Reading, Translating, Rewriting: Angela Carter's Translational Poetics

Details

Serval ID
serval:BIB_9B4F9F3126B7
Type
Book:A book with an explicit publisher.
Collection
Publications
Institution
Title
Reading, Translating, Rewriting: Angela Carter's Translational Poetics
Author(s)
Hennard Dutheil de la Rochère M.
Publisher
Wayne State University Press
Address of publication
Detroit
ISBN
9780814336342
Publication state
Published
Issued date
11/2013
Series
Series in Fairy-Tale Studies
Language
english
Number of pages
384
Abstract
In "Reading, Translating, Rewriting: Angela Carter's Translational Poetics", author Martine Hennard Dutheil de la Rochère delves into Carter's The Fairy Tales of Charles Perrault (1977) to illustrate that this translation project had a significant impact on Carter's own writing practice. Hennard combines close analyses of both texts with an attention to Carter's active role in the translation and composition process to explore this previously unstudied aspect of Carter's work. She further uncovers the role of female fairy-tale writers and folktales associated with the Grimms' Kinder- und Hausmärchen in the rewriting process, unlocking new doors to The Bloody Chamber.
Hennard begins by considering the editorial evolution of The Fairy Tales of Charles Perrault from 1977 to the present day, as Perrault's tales have been rediscovered and repurposed. In the chapters that follow, she examines specific linkages between Carter's Perrault translation and The Bloody Chamber, including targeted analysis of the stories of Red Riding Hood, Bluebeard, Puss-in-Boots, Beauty and the Beast, Sleeping Beauty, and Cinderella. Hennard demonstrates how, even before The Bloody Chamber, Carter intervened in the fairy-tale debate of the late 1970s by reclaiming Perrault for feminist readers when she discovered that the morals of his worldly tales lent themselves to her own materialist and feminist goals.
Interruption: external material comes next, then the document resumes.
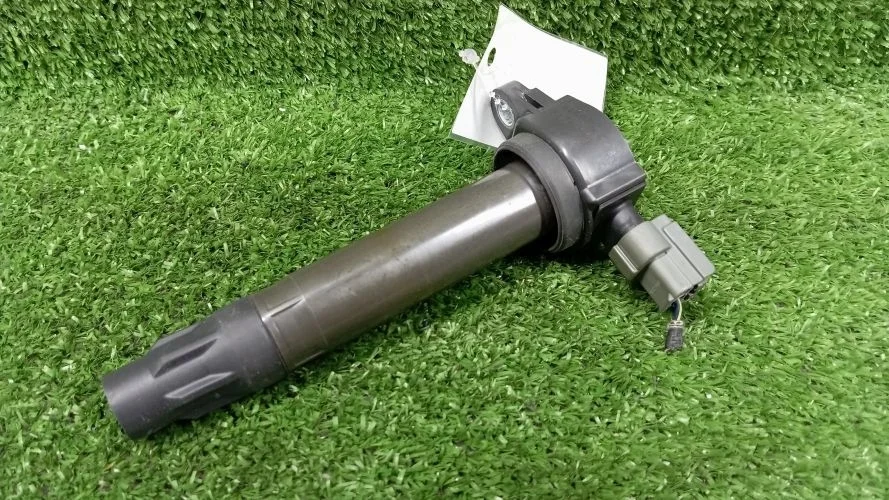 катушка зажигания Jeep,Dodge ED3,ECN MK49,PM49 Jeep,Dodge Compass,Caliber ED3,ECN MK49,PM49 04606824AC,04606824AB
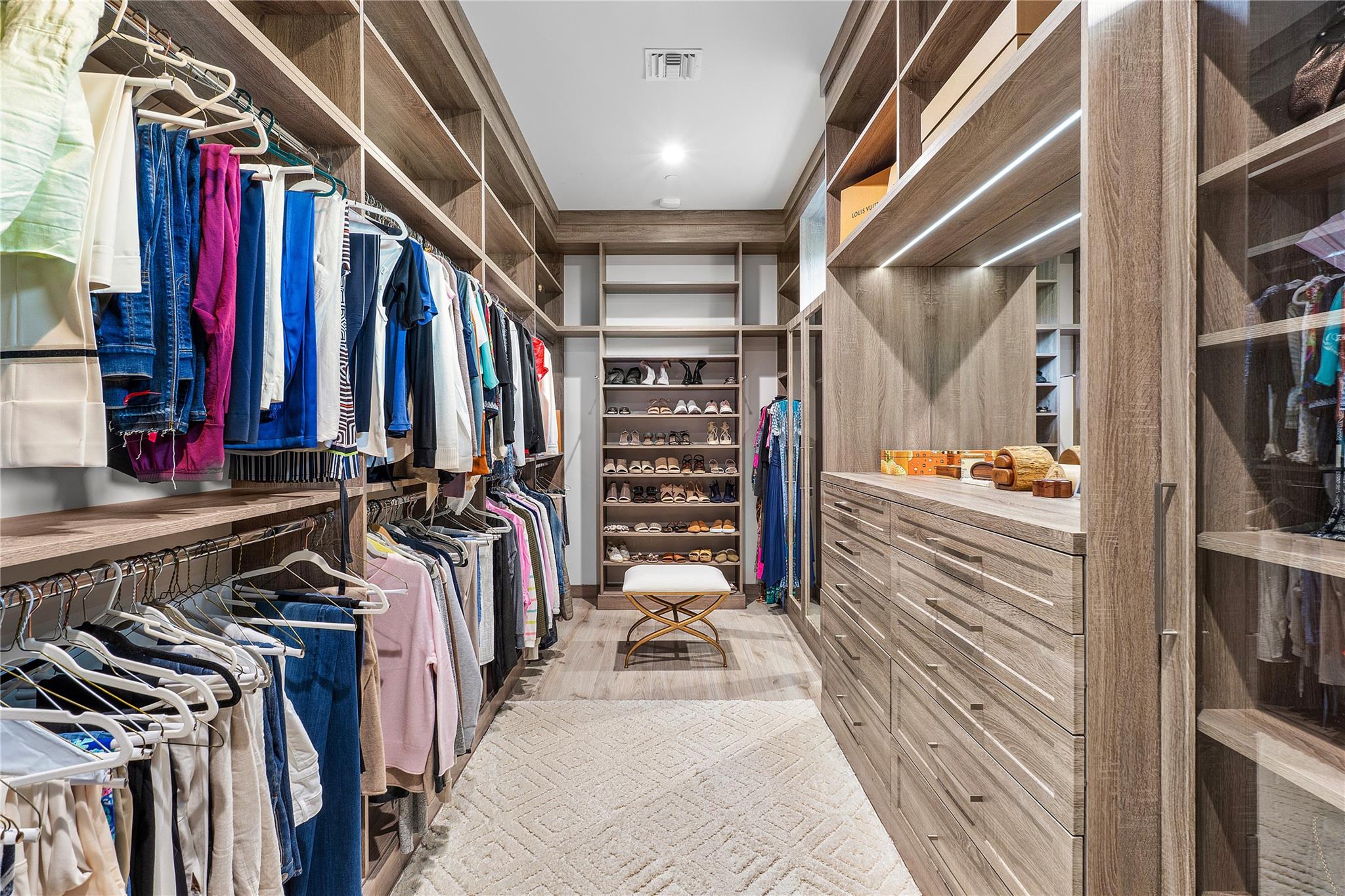 2842 SW Rivers End Way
Hennard argues that The Bloody Chamber can therefore be seen as the continuation of and counterpoint to The Fairy Tales of Charles Perrault, as it explores the potential of the familiar stories for alternative retellings.
While the critical consensus reads into Carter an imperative to subvert classic fairy tales, the book shows that Carter valued in Perrault a practical educator as well as a proto-folklorist and went on to respond to more hidden aspects of his texts in her rewritings. Reading, Translating, Rewriting is informative reading for students and teachers of fairy-tale studies and translation studies.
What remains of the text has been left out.